▶ _Problem requirements_: Give every entry again, unchanged, and leave its images out.

Stored records
·····
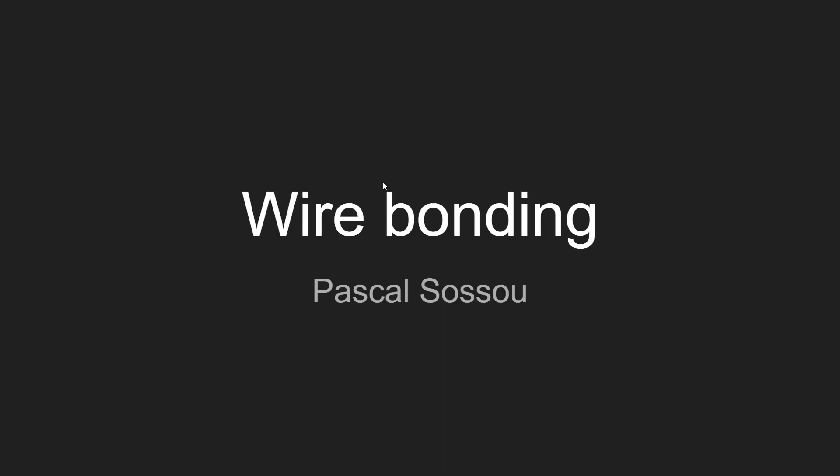Hello, my name is Pascal, and today I'm going to be talking about an open source wire bonding application that I made.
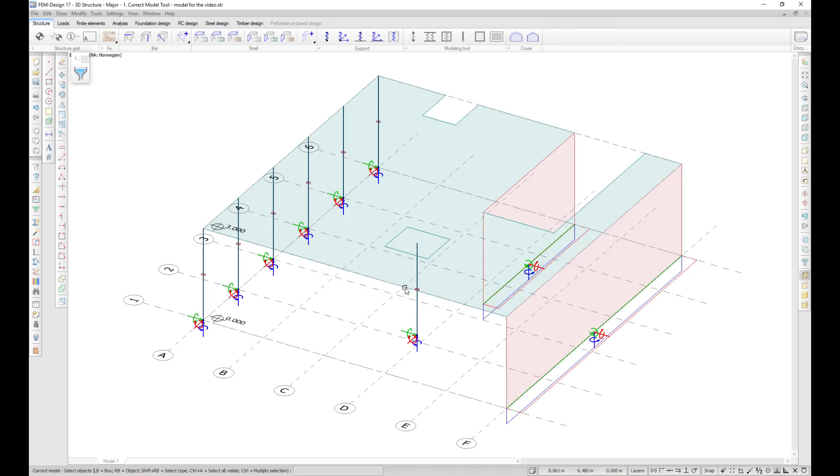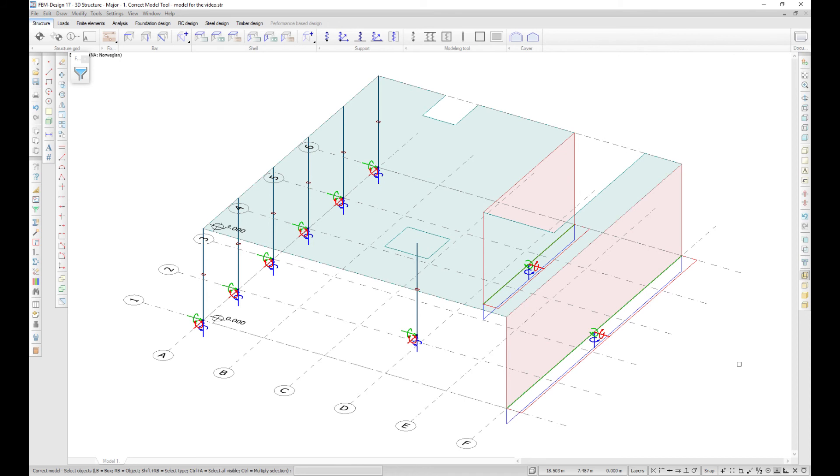Now the model is free of the geometrical errors and you can run a smooth analysis on it. The duplicated objects or loads can be detected and removed also automatically without using the Correct Model tool before running any analysis. Watch the minor features video to learn more about it.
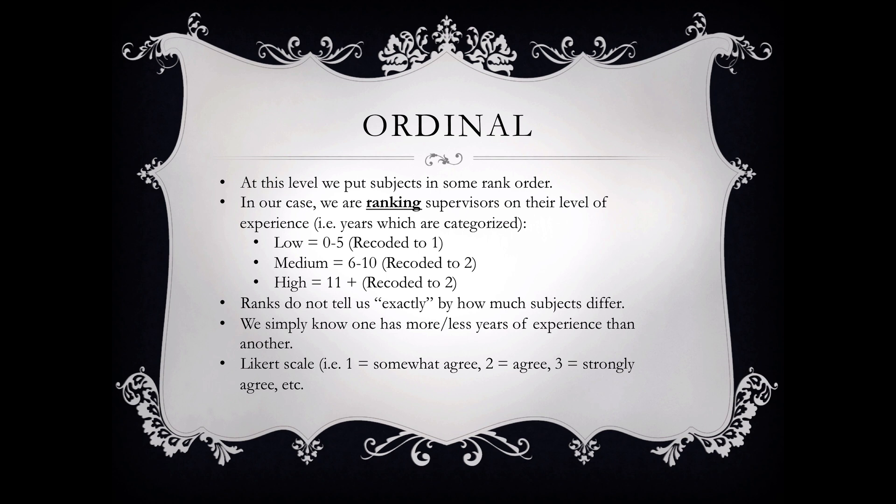Again, that's an ordinal scale of measurement. There is some ranking or hierarchy of more or less, but we don't know exactly how much that difference is. In other words, how much difference is somewhat agree from agree if you think about it subjectively. It's very difficult to pinpoint an exact measurement or exact magnitude of difference. Again, these are the key characteristics of an ordinal variable.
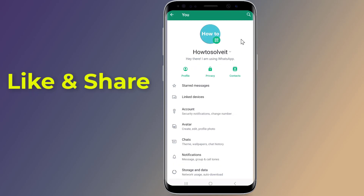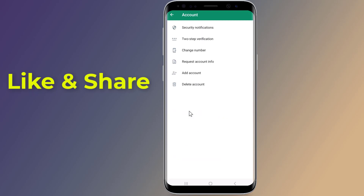Once the WhatsApp settings are launched, browse to its Account settings. Now tap on Change Number.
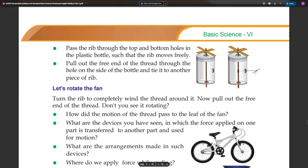Pass the rib through the top and bottom hole in the plastic bottle such that the rib moves freely. Pull out the free end of the thread through the hole on the side of the bottle and tie it to another piece of thread. Now pull out the free end of the thread — don't you see it rotating?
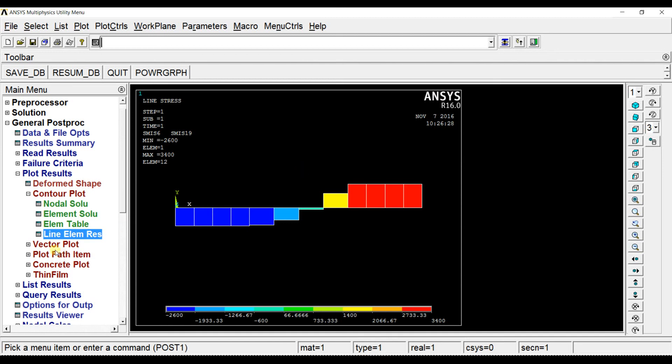You can also see the results in plot results for documentation purposes. In this way you can solve the UVL problem. If you have any doubts, please post them in the comment section below. Thanks for watching, subscribe for more videos. Thank you.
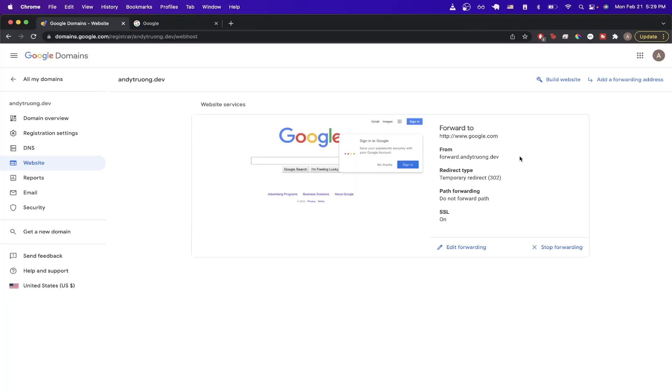And those are all the steps that you need to know in order to set up your own domain forwarding on Google Domains. If you have any questions, please feel free to leave a comment below and I'll do my best to get back to you. And if you found this video helpful in any way, please like the video and don't forget to subscribe for more content.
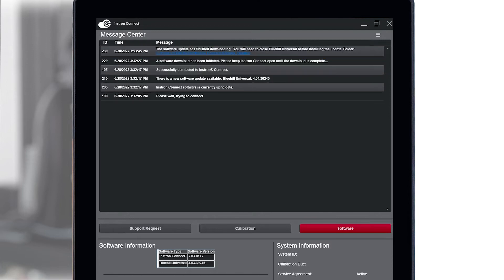Once the download is complete, you will receive another notification to let you know the download has finished and to close Bluehill Universal before installing the software update.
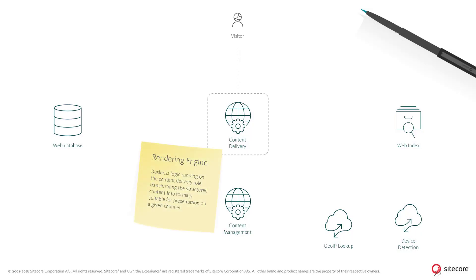When the visitor requests a page from the content delivery role, the Sitecore Rendering Engine runs to personalize or differentiate the content based on rules and metadata. Sitecore continuously stores metadata about the visitor and visit throughout the entire visit, metadata which can be used to personalize the experience for the visitor.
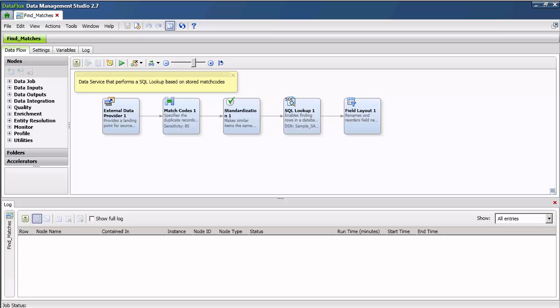SAS match codes can also be used to find matches between datasets since the match code generated is the same regardless of the source. As long as the underlying data, the match definition, and the sensitivity setting stay the same, then the same SAS match code will be generated every time a job is run. Therefore, you can store match codes and only regenerate them when one of those three conditions changes — that is, if there is a change to the underlying source data, match definition, or sensitivity setting.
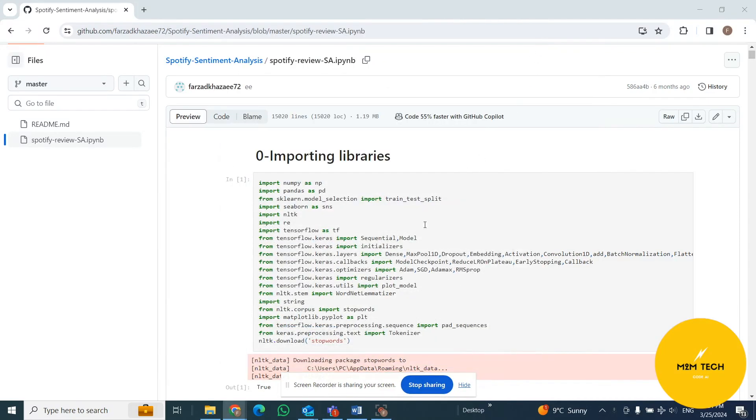Okay, I'm going to talk about my third Capstone project, which is related to the sentiment analysis of reviews of Spotify.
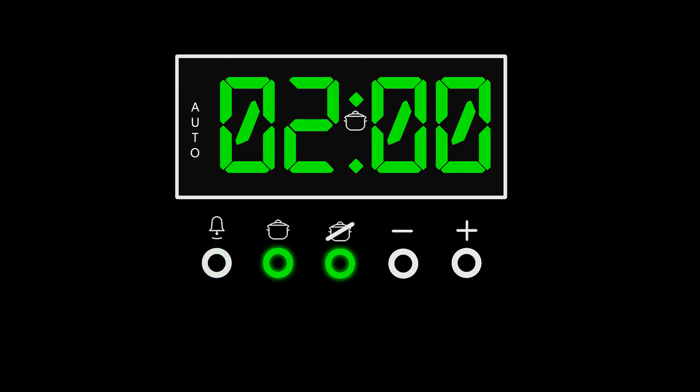When the oven has switched off, return the control knob to the off position and press the cook time and ready time buttons to return to manual operation.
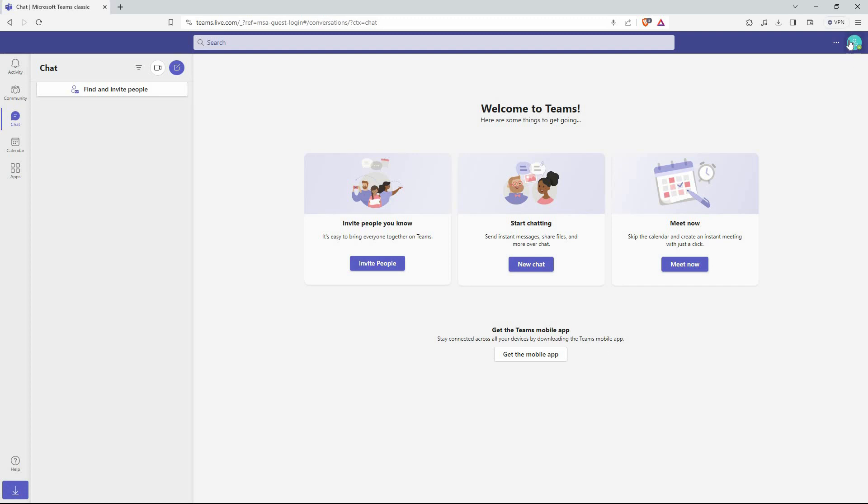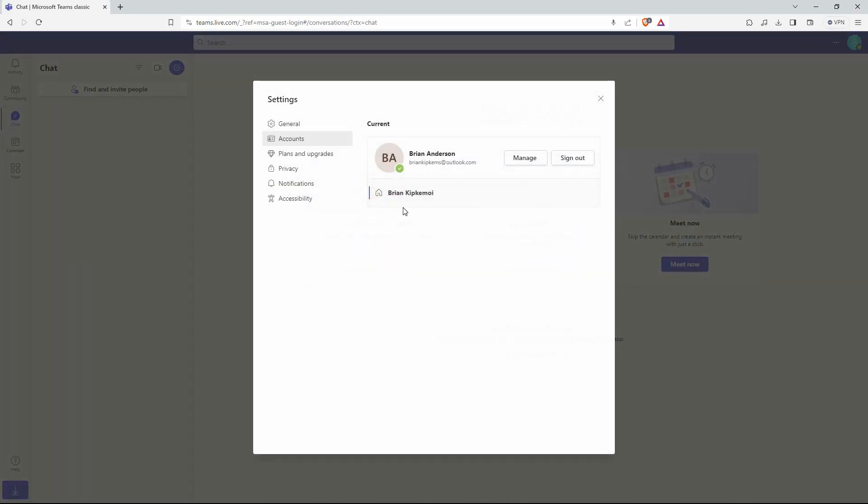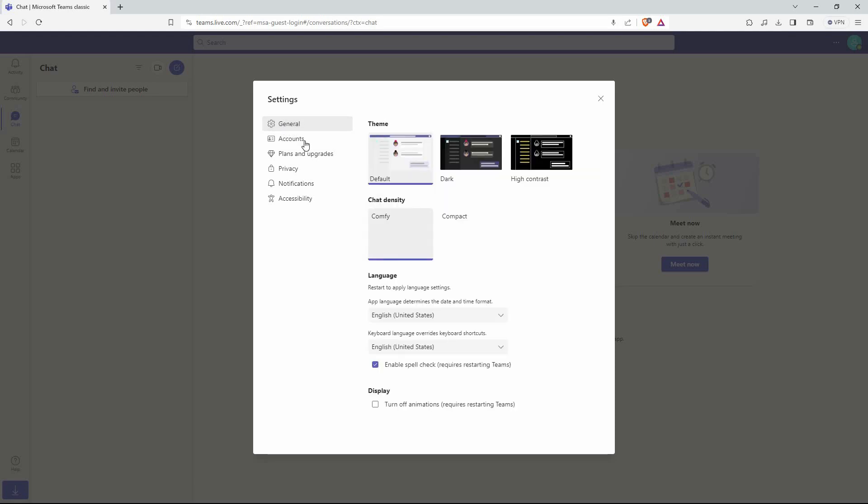At the top right corner of the page, you will see your profile picture. Just click it. Here, click manage account. On this page, you have the following: General, accounts, plans and upgrades, privacy, notifications and accessibility. From the options, click general.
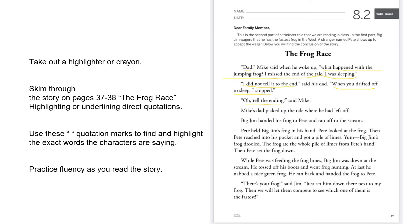Now you're going to read The Frog Race fluently. You may read it aloud, in your head, or to someone. If you struggle with a word, go back and reread it a few times to practice for fluency. Before you read for fluency, take your highlighter or a crayon and underline the direct quotations. Look for those quotation marks in the passage where people are speaking directly — underline from where the quotation mark starts to where it ends.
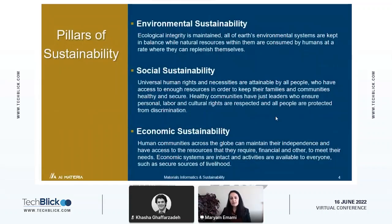Environmental sustainability is essential if we wish to have and continue to have the resources to meet our needs. Our most basic requirements, including unpolluted air, clean water, and fresh food, all come from our environment, as does the energy and raw materials we need for construction and transportation. Environmental sustainability involves the entire global ecosystem, but its principles can equally be applied to ecosystems of any size.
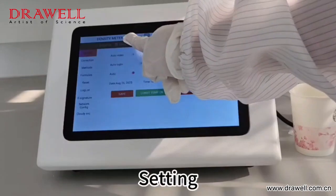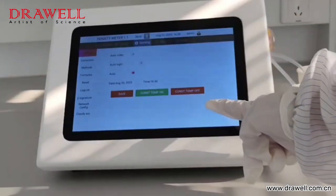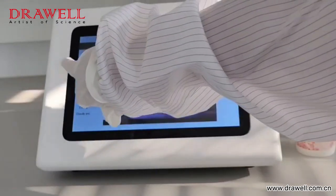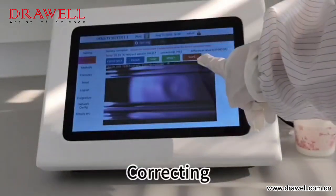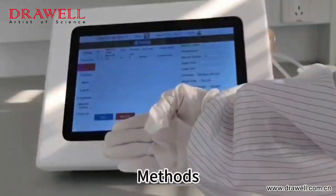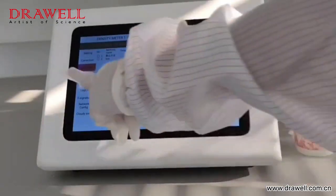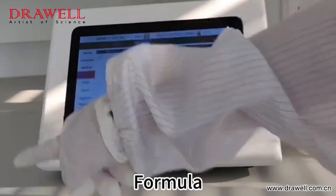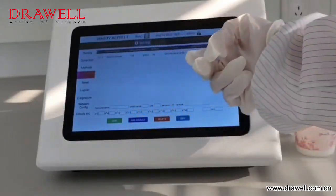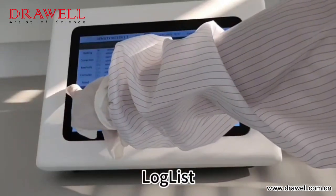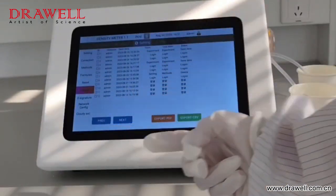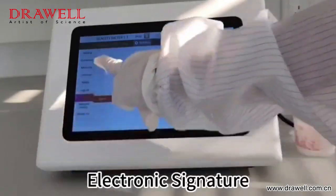Setting. Correcting. Methods. Formula. Log list. Electronic signature.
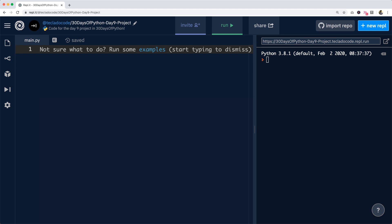So the way we start any of these projects is by deciding what the first thing to do is. And we think that in this case, the best thing to do is to ask the user for the card number first of all and make sure the input is clean.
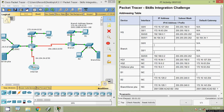Hi friends, welcome to all. In this video, we are going to see the Packet Tracer activity skills integration challenge. Before that, friends, if you have not yet subscribed to this channel, you can subscribe so that you will get the latest uploading video info into your mail.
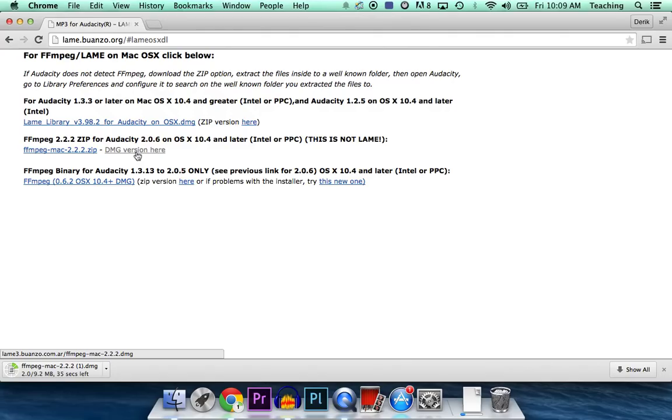Depending upon your connection speed, this may take a few seconds or a couple minutes. Right now, it seems like the WiFi at the college is running a bit slow, so it's going to take a little time.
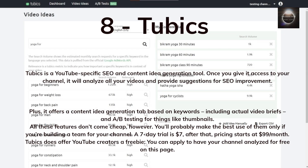Tubix is a YouTube-specific SEO and content idea generation tool. Once you give it access to your channel, it will analyze all your videos and provide suggestions for SEO improvement. It also offers a content idea generation tab based on keywords, including actual video briefs and A-B testing for things like thumbnails. These features don't come cheap, however — you'll make the best use of them if you're building a team for your channel. A seven-day trial is $7; after that, pricing starts at $99 per month. Tubix does offer a freebie: you can apply to have your channel analyzed for free.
·····
▶ _Result_:
Hello, my name is Pascal, and today I'm going to be talking about an open source wire bonding application that I made.
Now the model is free of the geometrical errors and you can run a smooth analysis on it. The duplicated objects or loads can be detected and removed also automatically without using the Correct Model tool before running any analysis. Watch the minor features video to learn more about it.
Again, that's an ordinal scale of measurement. There is some ranking or hierarchy of more or less, but we don't know exactly how much that difference is. In other words, how much difference is somewhat agree from agree if you think about it subjectively. It's very difficult to pinpoint an exact measurement or exact magnitude of difference. Again, these are the key characteristics of an ordinal variable.
Once the WhatsApp settings are launched, browse to its Account settings. Now tap on Change Number.
Pass the rib through the top and bottom hole in the plastic bottle such that the rib moves freely. Pull out the free end of the thread through the hole on the side of the bottle and tie it to another piece of thread. Now pull out the free end of the thread — don't you see it rotating?
You can also see the results in plot results for documentation purposes. In this way you can solve the UVL problem. If you have any doubts, please post them in the comment section below. Thanks for watching, subscribe for more videos. Thank you.
And those are all the steps that you need to know in order to set up your own domain forwarding on Google Domains. If you have any questions, please feel free to leave a comment below and I'll do my best to get back to you. And if you found this video helpful in any way, please like the video and don't forget to subscribe for more content.
Once the download is complete, you will receive another notification to let you know the download has finished and to close Bluehill Universal before installing the software update.
When the visitor requests a page from the content delivery role, the Sitecore Rendering Engine runs to personalize or differentiate the content based on rules and metadata. Sitecore continuously stores metadata about the visitor and visit throughout the entire visit, metadata which can be used to personalize the experience for the visitor.
SAS match codes can also be used to find matches between datasets since the match code generated is the same regardless of the source. As long as the underlying data, the match definition, and the sensitivity setting stay the same, then the same SAS match code will be generated every time a job is run. Therefore, you can store match codes and only regenerate them when one of those three conditions changes — that is, if there is a change to the underlying source data, match definition, or sensitivity setting.
Okay, I'm going to talk about my third Capstone project, which is related to the sentiment analysis of reviews of Spotify.
When the oven has switched off, return the control knob to the off position and press the cook time and ready time buttons to return to manual operation.
At the top right corner of the page, you will see your profile picture. Just click it. Here, click manage account. On this page, you have the following: General, accounts, plans and upgrades, privacy, notifications and accessibility. From the options, click general.
Now you're going to read The Frog Race fluently. You may read it aloud, in your head, or to someone. If you struggle with a word, go back and reread it a few times to practice for fluency. Before you read for fluency, take your highlighter or a crayon and underline the direct quotations. Look for those quotation marks in the passage where people are speaking directly — underline from where the quotation mark starts to where it ends.
Environmental sustainability is essential if we wish to have and continue to have the resources to meet our needs. Our most basic requirements, including unpolluted air, clean water, and fresh food, all come from our environment, as does the energy and raw materials we need for construction and transportation. Environmental sustainability involves the entire global ecosystem, but its principles can equally be applied to ecosystems of any size.
Setting. Correcting. Methods. Formula. Log list. Electronic signature.
So the way we start any of these projects is by deciding what the first thing to do is. And we think that in this case, the best thing to do is to ask the user for the card number first of all and make sure the input is clean.
Hi friends, welcome to all. In this video, we are going to see the Packet Tracer activity skills integration challenge. Before that, friends, if you have not yet subscribed to this channel, you can subscribe so that you will get the latest uploading video info into your mail.
Depending upon your connection speed, this may take a few seconds or a couple minutes. Right now, it seems like the WiFi at the college is running a bit slow, so it's going to take a little time.
Tubix is a YouTube-specific SEO and content idea generation tool. Once you give it access to your channel, it will analyze all your videos and provide suggestions for SEO improvement. It also offers a content idea generation tab based on keywords, including actual video briefs and A-B testing for things like thumbnails. These features don't come cheap, however — you'll make the best use of them if you're building a team for your channel. A seven-day trial is $7; after that, pricing starts at $99 per month. Tubix does offer a freebie: you can apply to have your channel analyzed for free.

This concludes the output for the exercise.